Except for the 2nd write of CMP following a write of SETVAL, where only
the accumulator is updated, and the comparator retains its old value.
I can only guess at the horrors for the internals of the HPET to make
this work.
SETVAL is RAZ so can't be observed in the CFG register. To get the
observed semantics, every write to CMG will have to copy the SEVAL bit
from CFG to a local flipflop, and on the falling edge of bit, forgo the
comparator update.
This also smells of being a "least invasive fix" at a late point in
development.
> Linux additionally puts udelay(1) between the two writes. Do you
> think we're fine without such, on all platforms?
HPETs substantially predate 64bit capable systems.
There is no spec requirement for a pause, and there is a good chance
that implementation bugs like that were shaken out back in the 32bit days.
>> + /* Restart the main counter, and legacy mode. */
>> + hpet_write32(hpet_cfg | HPET_CFG_ENABLE | HPET_CFG_LEGACY, HPET_CFG);
> This isn't necessarily "restart" - you may start the counter for
> the first time. Hence in the comment maybe "(Re)start ..."?
Well - it is strictly a restart because of how the logic is laid out,
and even if that weren't the case, "restart" is fine to use in this context.
> As to the spurious IRQs, does it perhaps matter at which point
> CFG_LEGACY gets set? We could try setting it when clearing
> CFG_ENABLE further up, or we could also try two separate writes
> each setting just one of the bits. (At least I can't deduce
> from the spec that we ought to be prepared to observe spurious
> IRQs here.)
It will an (extra) electrical load stabilising on the line into the
PIC. Repositioning control writes of the HPET won't make a difference.
~Andrew
On 26.01.2021 18:31, Andrew Cooper wrote:
> On 07/01/2021 13:53, Jan Beulich wrote:
>>> + !((hpet_cfg = hpet_read32(HPET_CFG)) & HPET_CFG_LEGACY) )
>>> + {
>>> + unsigned int c0_cfg, ticks, count;
>>> +
>>> + /* Stop the main counter. */
>>> + hpet_write32(hpet_cfg & ~HPET_CFG_ENABLE, HPET_CFG);
>>> +
>>> + /* Reconfigure channel 0 to be 32bit periodic. */
>>> + c0_cfg = hpet_read32(HPET_Tn_CFG(0));
>>> + c0_cfg |= (HPET_TN_ENABLE | HPET_TN_PERIODIC | HPET_TN_SETVAL |
>>> + HPET_TN_32BIT);
>>> + hpet_write32(c0_cfg, HPET_Tn_CFG(0));
>>> +
>>> + /*
>>> + * The exact period doesn't have to match a legacy PIT. All we need
>>> + * is an interrupt queued up via the IO-APIC to check routing.
>>> + *
>>> + * Use HZ as the frequency.
>>> + */
>>> + ticks = (SECONDS(1) / HZ) * div_sc(hpet_rate, SECONDS(1), 32)) >> 32;
>>> +
>>> + count = hpet_read32(HPET_COUNTER);
>>> +
>>> + /*
>>> + * HPET_TN_SETVAL above is atrociously documented in the spec.
>>> + *
>>> + * Periodic HPET channels have a main comparator register, and cache
>>> + * the "last write to cmp", as a hidden register.
>>> + *
>>> + * The semantics on generating a periodic interrupt is:
>>> + * cmp += "last value written to the cmp register"
>>> + * which will reload a new period.
>>> + *
>>> + * Normally, writes to cmp update the main comparator as well as being
>>> + * cached for the reload value.
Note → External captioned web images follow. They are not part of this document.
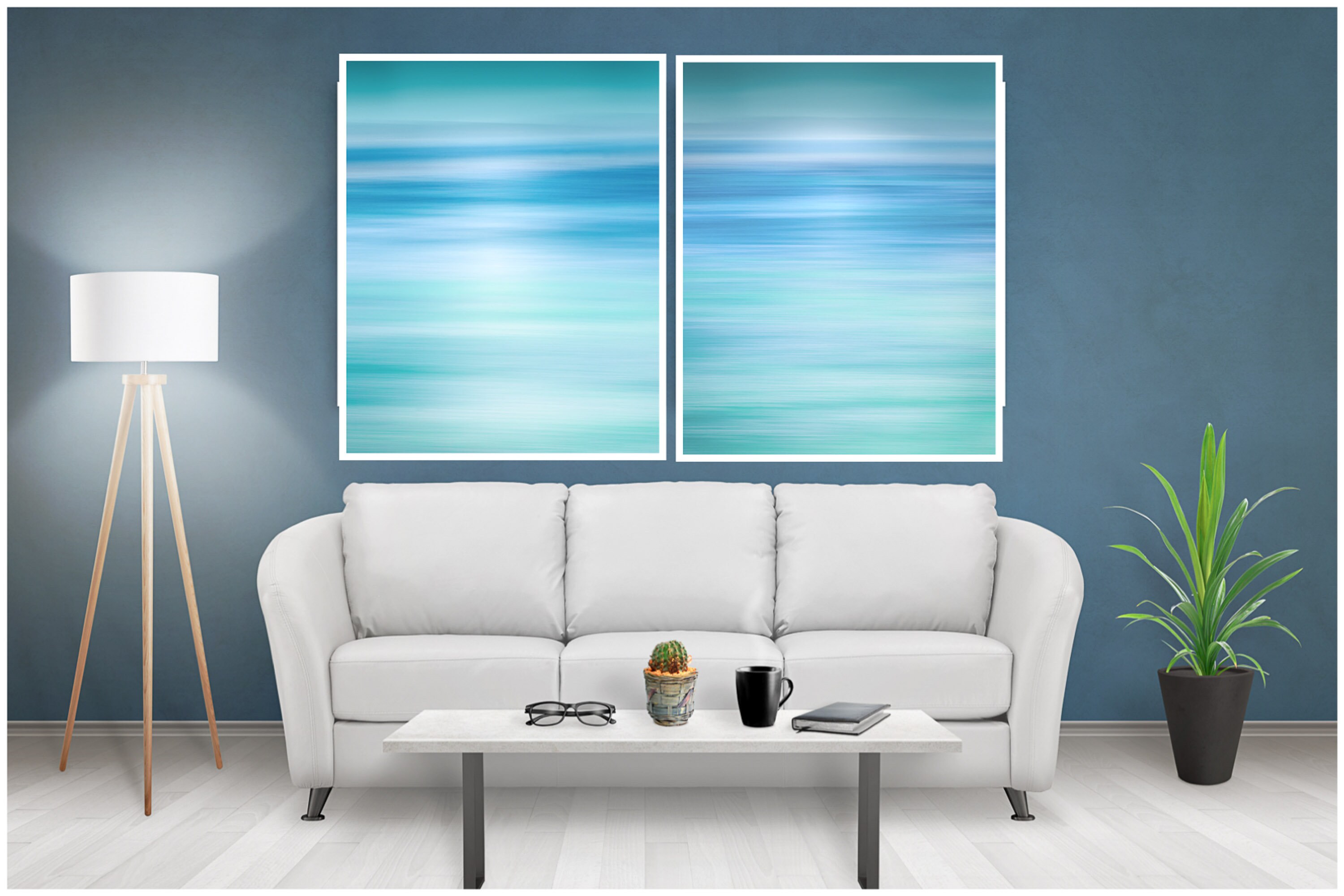 Teal Wall Art Teal Abstract Set of 2 Blue Abstract Canvas Etsy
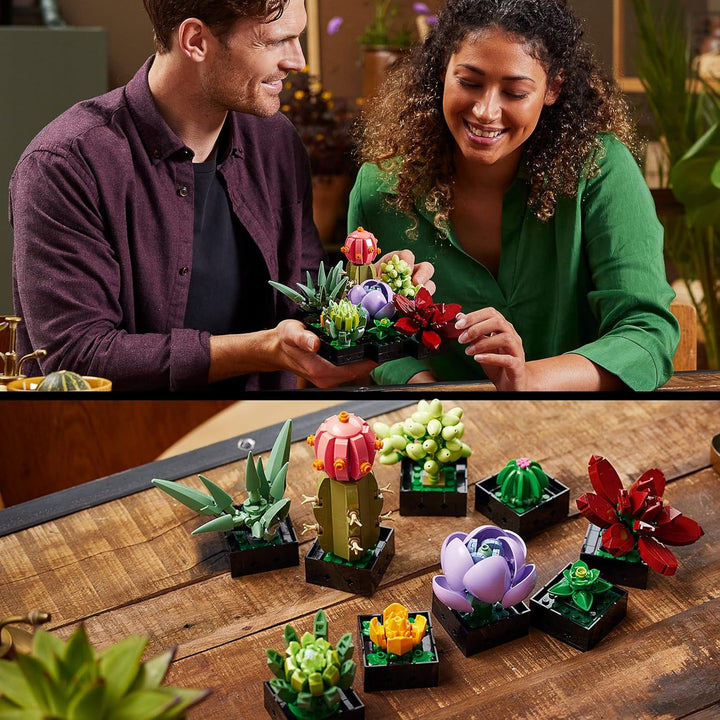 LEGO Botanicals Succulents - Set de construcție flori artificiale pentru adulți - Set de construcție buchet de flori - Hobby creativ și decorațiuni pentru casă - Idee de cadou pentru femei și bărbați - Colecție botanică (9 plante) 10309
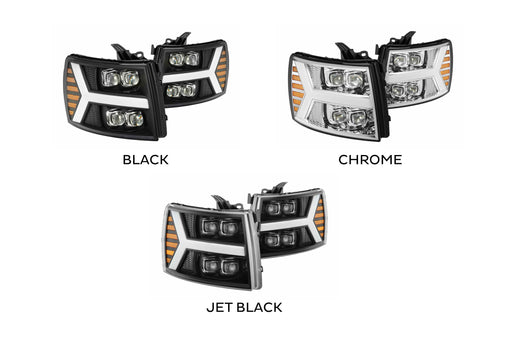AlphaRex Nova LED Headlights: Chevy Silverado 1500 (07-13) - Chrome (Set) (SKU: 880207)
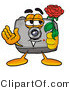 Illustration of a Cartoon Camera Mascot Holding a Red Rose on Valentines Day by Mascot Junction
However, under these semantics, the
>>> + * HPET main counter needs resetting to 0 to be able to configure the
>>> + * period correctly.
>>> + *
>>> + * Instead, HPET_TN_SETVAL is a self-clearing control bit which we can
>>> + * use for periodic timers to mean that the second write to the
>>> + * comparator updates only the "last written" cache, and not the
>>> + * absolute comparator value.
>>> + *
>>> + * This lets us set a period when the main counter isn't at 0.
>>> + */
>>> + hpet_write32(count + ticks, HPET_Tn_CMP(0));
>>> + hpet_write32(ticks, HPET_Tn_CMP(0));
>> As you say, documentation is poor here. In fact the wording in the
>> HPET spec talks about updating of the "accumulator" instead;
>> perhaps just an unhelpful use of a different term. (Respective
>> Linux code has a comment indicating this is needed on a specific
>> AMD chipset only.)
>
> I'm fairly certain that Linux's comment is wrong. This behaviour is
> described in the HPET spec, which is an Intel spec.
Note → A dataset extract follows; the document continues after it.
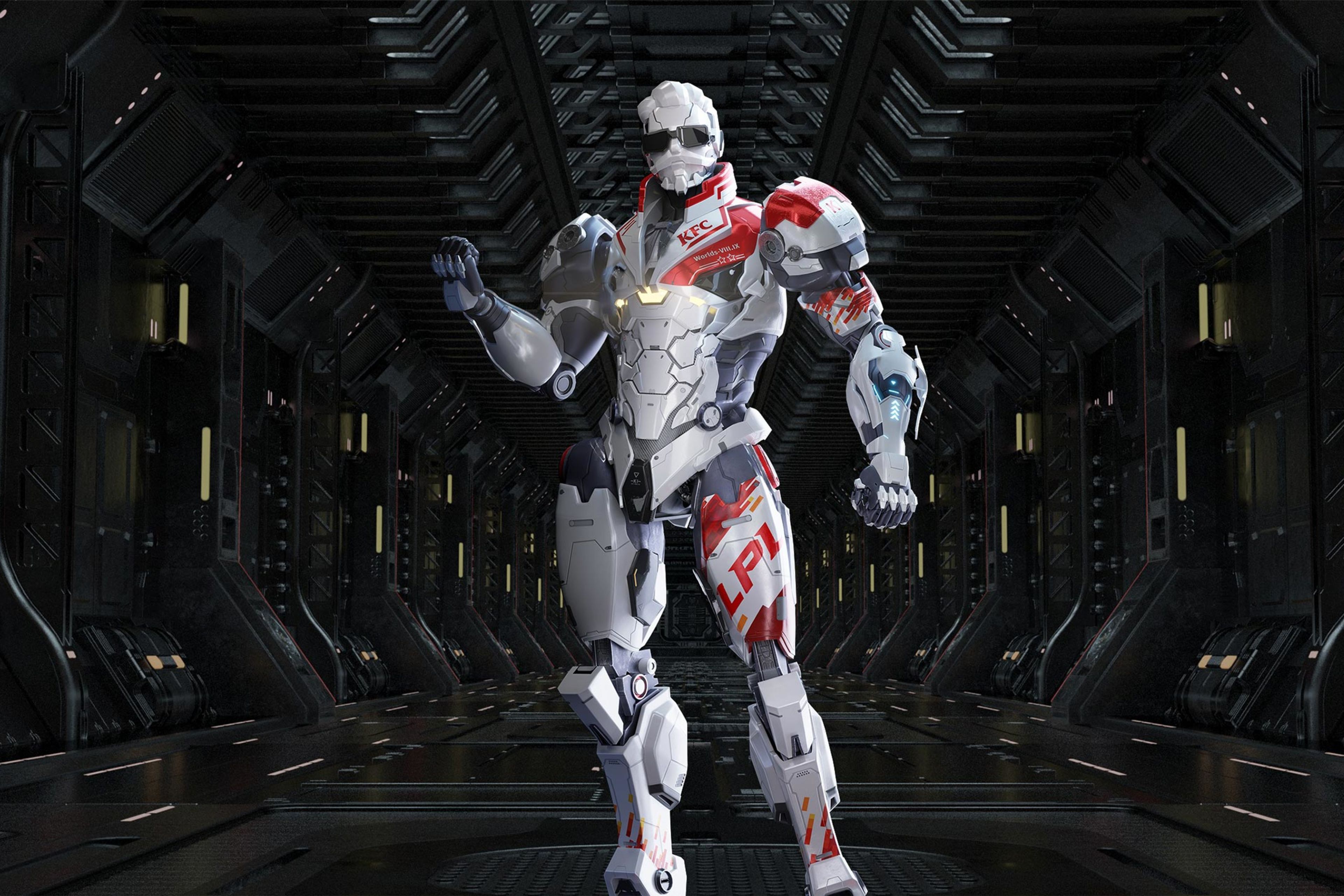 An AI robot of KFC's Colonel in a futuristic space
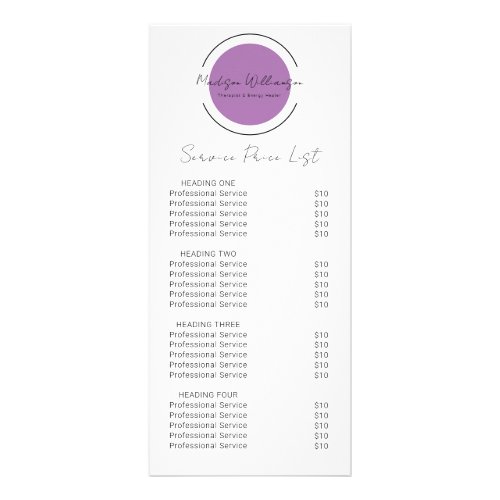 Esoteric Psychic Modern Services Price List Rack Card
I agree. I nevertheless wanted to mention it because it has been
there all the time, for many years.
>> It would seem more natural to me if things were explained a little
>> differently: Writes to the comparator with SETVAL clear always
>> update the "last written" value, i.e. the increment to be used
>> once the main counter equals the comparator. Writes with SETVAL set
>> update the comparator itself. (Assuming that's how it really is, of
>> course, but that's what I infer from the doc available.)
>
> By default, all writes update both the accumulator and comparator registers.
>
> Except for the 2nd write of CMP following a write of SETVAL, where only
> the accumulator is updated, and the comparator retains its old value.
IOW you don't want to change how you describe it. I found it
somewhat confusing (or at least not clear enough) to read this
way, so had to compare and match the comment with the spec to
follow what exactly you mean.
>>> + /* Restart the main counter, and legacy mode. */
>>> + hpet_write32(hpet_cfg | HPET_CFG_ENABLE | HPET_CFG_LEGACY, HPET_CFG);
>> This isn't necessarily "restart" - you may start the counter for
>> the first time. Hence in the comment maybe "(Re)start ..."?
>
> Well - it is strictly a restart because of how the logic is laid out,
> and even if that weren't the case, "restart" is fine to use in this context.
I don't follow you here. If it was strictly a restart, where
is the place where we first started it? Higher up you have
/* Stop the main counter. */
hpet_write32(hpet_cfg & ~HPET_CFG_ENABLE, HPET_CFG);
which of course stops the counter only if HPET_CFG_ENABLE
was set at that point. In find it less relevant to point out
this fact in the comment here, than I do in the "restart"
case; in fact I wouldn't have commented at all if the
comment simply was saying "Start ...".
Furthermore, wrt legacy mode I'm even less convinced there's
necessarily any _re_-starting.
>> As to the spurious IRQs, does it perhaps matter at which point
>> CFG_LEGACY gets set? We could try setting it when clearing
>> CFG_ENABLE further up, or we could also try two separate writes
>> each setting just one of the bits. (At least I can't deduce
>> from the spec that we ought to be prepared to observe spurious
>> IRQs here.)
>
> It will an (extra) electrical load stabilising on the line into the
> PIC. Repositioning control writes of the HPET won't make a difference.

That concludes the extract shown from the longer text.